The Growth of Content Marketing
Content marketing is not a new concept – it has been around for over 100 years. One of the first recognised forays into content marketing is seen as the Michelin Restaurant Guides, made for the first time in 1900; they were made by a tyre company (!), for the benefit of motorists who travelled the country, and were looking for places to eat. Michelin tyres were early pioneers in producing content in a “boring” industry; they did the now common tactic of looking for content ideas in a niche adjacent to theirs (restaurants), rather than endlessly struggling to say something interesting about tyres.
The term “content marketing” has become very much a buzzword in SEO circles over the last couple of years, and is sometimes treated as if it is a new idea, when obviously it’s not. It is a new concept to many SEO’s however. The main idea behind content marketing is that rather than spamming Google with thousands of low quality paid for, automated, links, or manually going out and begging, buying or stealing links for your website, you actually provide something of value to your users on the web. Rather than using the traditional “push” or “outbound” marketing of old, where it’s all “me, me, me!”, pushing marketing at people who don’t want to see it, you instead meet people where marketing has traditionally said that they need to be met – at the point of the customer’s need.
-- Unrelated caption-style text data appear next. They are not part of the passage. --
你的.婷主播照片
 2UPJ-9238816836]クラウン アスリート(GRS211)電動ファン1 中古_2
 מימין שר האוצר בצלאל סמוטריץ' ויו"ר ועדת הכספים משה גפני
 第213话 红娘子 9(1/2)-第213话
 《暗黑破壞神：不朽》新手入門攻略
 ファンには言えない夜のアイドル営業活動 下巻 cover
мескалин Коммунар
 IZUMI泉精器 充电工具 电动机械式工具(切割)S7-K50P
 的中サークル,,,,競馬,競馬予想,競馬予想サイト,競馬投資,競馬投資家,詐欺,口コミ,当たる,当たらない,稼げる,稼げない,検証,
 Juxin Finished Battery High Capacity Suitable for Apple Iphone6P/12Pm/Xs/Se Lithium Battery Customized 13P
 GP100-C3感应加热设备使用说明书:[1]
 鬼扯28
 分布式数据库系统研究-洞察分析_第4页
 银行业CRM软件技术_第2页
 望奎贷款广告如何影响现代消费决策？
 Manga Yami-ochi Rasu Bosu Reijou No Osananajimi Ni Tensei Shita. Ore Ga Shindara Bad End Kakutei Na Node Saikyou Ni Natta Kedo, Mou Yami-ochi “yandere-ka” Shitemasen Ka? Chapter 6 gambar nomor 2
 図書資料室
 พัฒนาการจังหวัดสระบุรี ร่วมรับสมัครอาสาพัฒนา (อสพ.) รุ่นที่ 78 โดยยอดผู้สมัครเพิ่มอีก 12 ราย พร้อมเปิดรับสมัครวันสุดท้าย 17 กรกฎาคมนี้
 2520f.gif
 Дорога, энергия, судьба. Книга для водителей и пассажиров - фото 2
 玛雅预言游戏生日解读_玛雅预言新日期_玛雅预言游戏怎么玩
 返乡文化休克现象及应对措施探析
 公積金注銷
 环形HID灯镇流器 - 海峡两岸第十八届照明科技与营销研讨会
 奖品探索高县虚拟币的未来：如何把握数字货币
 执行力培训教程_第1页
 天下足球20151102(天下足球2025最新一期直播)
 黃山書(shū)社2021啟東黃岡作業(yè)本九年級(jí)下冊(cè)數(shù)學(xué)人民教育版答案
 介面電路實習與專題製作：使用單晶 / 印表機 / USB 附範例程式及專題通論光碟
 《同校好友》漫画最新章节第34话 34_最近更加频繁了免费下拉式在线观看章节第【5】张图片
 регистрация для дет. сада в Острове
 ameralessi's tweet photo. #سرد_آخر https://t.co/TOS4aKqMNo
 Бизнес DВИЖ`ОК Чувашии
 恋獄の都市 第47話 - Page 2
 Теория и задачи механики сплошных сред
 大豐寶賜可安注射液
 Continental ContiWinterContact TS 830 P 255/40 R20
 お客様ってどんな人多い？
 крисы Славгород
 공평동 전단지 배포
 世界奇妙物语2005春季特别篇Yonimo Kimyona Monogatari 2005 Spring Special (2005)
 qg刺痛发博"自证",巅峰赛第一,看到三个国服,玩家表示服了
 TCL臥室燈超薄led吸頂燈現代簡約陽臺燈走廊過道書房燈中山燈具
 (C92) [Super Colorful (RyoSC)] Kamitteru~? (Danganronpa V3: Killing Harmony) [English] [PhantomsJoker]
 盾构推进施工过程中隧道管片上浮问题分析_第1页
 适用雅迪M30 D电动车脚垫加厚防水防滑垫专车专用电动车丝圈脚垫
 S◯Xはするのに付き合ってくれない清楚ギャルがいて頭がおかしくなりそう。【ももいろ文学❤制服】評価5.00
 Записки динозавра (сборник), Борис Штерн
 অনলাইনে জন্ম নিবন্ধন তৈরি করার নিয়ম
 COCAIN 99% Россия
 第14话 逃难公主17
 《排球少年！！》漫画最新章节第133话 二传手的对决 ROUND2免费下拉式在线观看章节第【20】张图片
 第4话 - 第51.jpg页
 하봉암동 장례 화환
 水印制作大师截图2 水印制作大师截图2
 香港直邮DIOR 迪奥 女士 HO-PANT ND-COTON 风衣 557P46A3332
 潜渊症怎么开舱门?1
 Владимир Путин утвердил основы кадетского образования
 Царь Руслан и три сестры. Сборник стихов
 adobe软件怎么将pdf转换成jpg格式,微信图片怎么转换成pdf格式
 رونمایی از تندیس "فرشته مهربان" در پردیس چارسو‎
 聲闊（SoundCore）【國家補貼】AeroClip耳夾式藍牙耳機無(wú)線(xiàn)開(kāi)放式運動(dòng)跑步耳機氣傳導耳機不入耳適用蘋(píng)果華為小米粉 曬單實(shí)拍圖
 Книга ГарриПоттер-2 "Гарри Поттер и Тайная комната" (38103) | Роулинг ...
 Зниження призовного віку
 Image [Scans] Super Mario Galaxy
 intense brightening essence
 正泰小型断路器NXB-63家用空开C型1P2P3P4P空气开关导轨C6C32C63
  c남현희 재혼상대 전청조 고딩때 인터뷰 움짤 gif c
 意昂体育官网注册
Example: a luxury holiday company has been trying traditional SEO tactics to some success, but wants to take things to the next level; so they start hiring writers to write content for their site; specifically, histories of the countries they are selling holidays to. Users start to click on these histories as they research and plan their holidays, and trust begins to grow between these users and the tour operator, and they are more likely to purchase with them because they have engaged with the content and trust the brand more. That’s the concept in a nutshell; it’s all about earning interest and trust with users and customers, rather than begging, borrowing or buying it. It’s about being a great brand, not pretending to be one.
The Death of Link Building?
IMHO, the death of SEO and link building has been greatly exaggerated. Yes, since Panda and Penguin , a certain type of link building has been consigned to the waste bin (where it had always been, really – Penguin just nailed the last nail in the coffin) – I’m talking mass directory submissions, article marketing, forum and comment spam, plus all the other automated crap that black hatters seem to pollute the web with. Since Penguin, very few SEO’s are selling these tactics to their clients. Talk of content marketing has taken over.
But white-hat link building is different – these white hatters take the manual approach, sourcing out link prospects individually, tailoring outreach individually, and looking to partner with sites, not just spam them with crap. This type of link building, which is more aligned with traditional marketing, has a future. Indeed, the future seems to be in a hybrid of content marketing and link building….
Content and Link building Together – The Future?
Many content marketers seem to forget the fact the term “content marketing” has the word “marketing” in; they just presume that if the content is good enough, then the “build it and they will come” philosophy will prevail. This is true in some cases, in most this is simply not true.
Yes, you have to build great content, but you have to market it as well. One of my favourite definitions of marketing is “creating something remarkable, then telling people about it,” This so true – you have to push your content out there, bang the drum, and get the word out there. In the online world, this largely means link building (in addition to social and other promotion – basically inbound marketing).
So we can see that the battle between content marketing and SEO/link building is not really a battle at all – the best long term strategy for success is a combination of both.